Task description: Please copy the data below exactly; none of the pictures in it belong in the copy.

Given material:

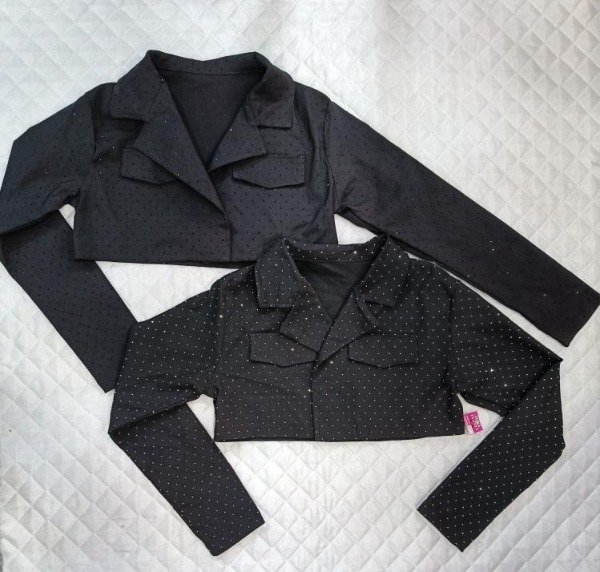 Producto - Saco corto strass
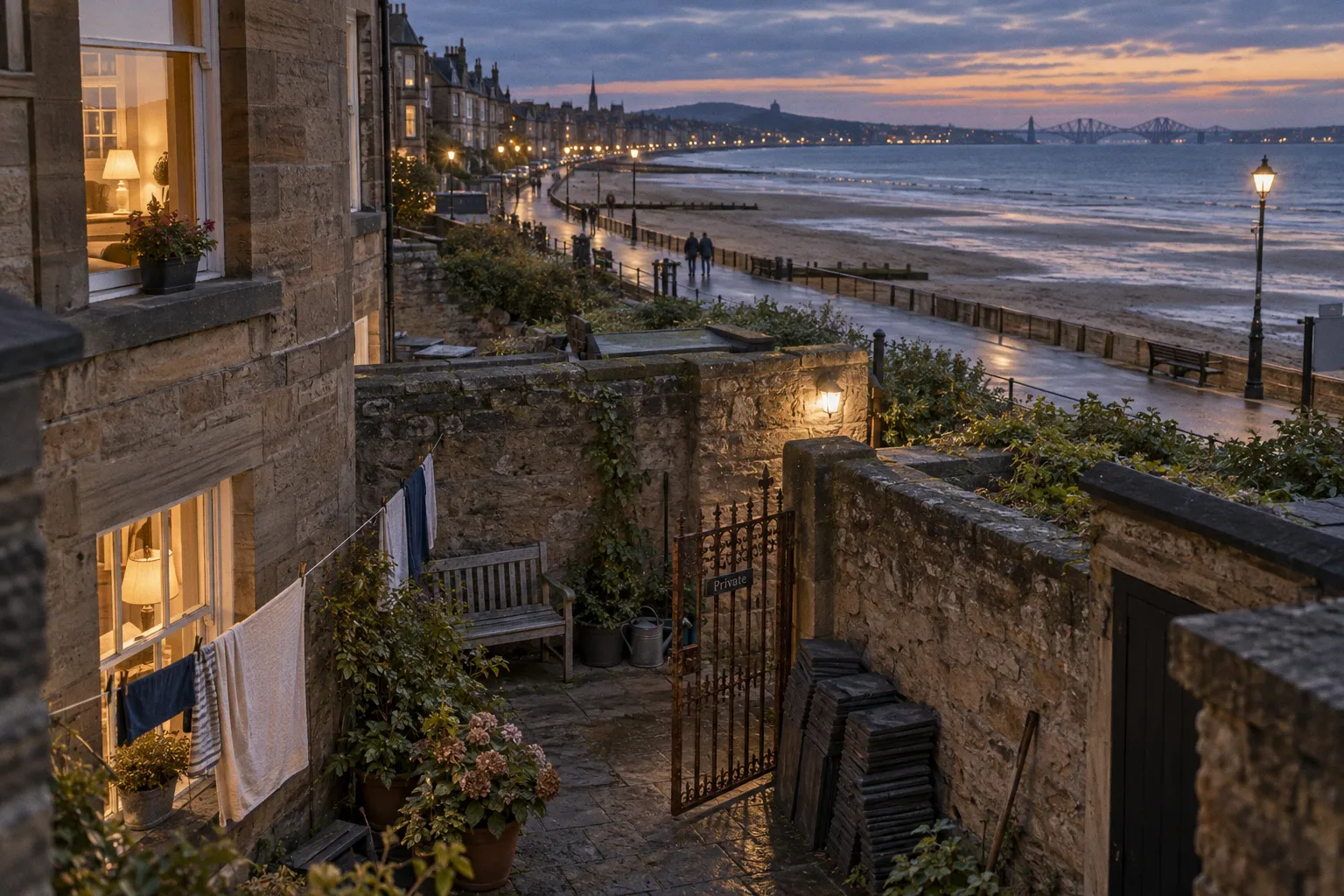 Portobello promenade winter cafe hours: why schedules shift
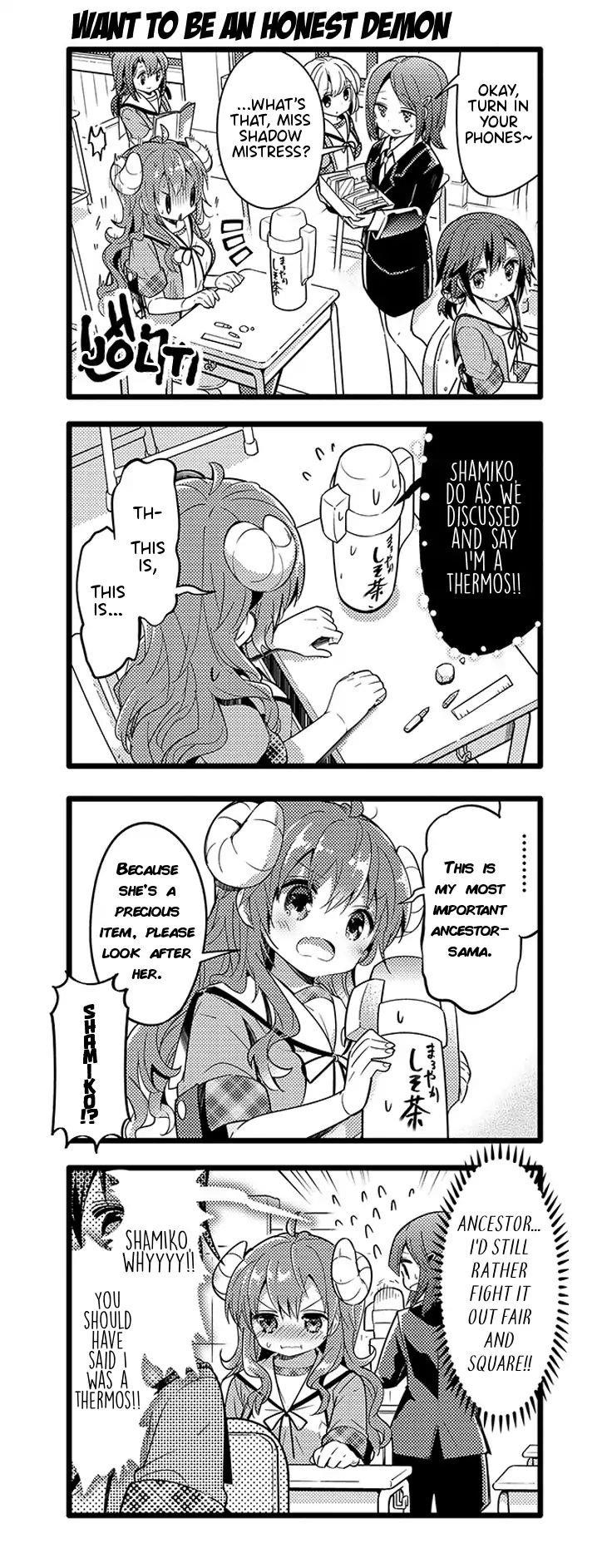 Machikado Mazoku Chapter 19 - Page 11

Task result:
 Producto - Saco corto strass
 Portobello promenade winter cafe hours: why schedules shift
 Machikado Mazoku Chapter 19 - Page 11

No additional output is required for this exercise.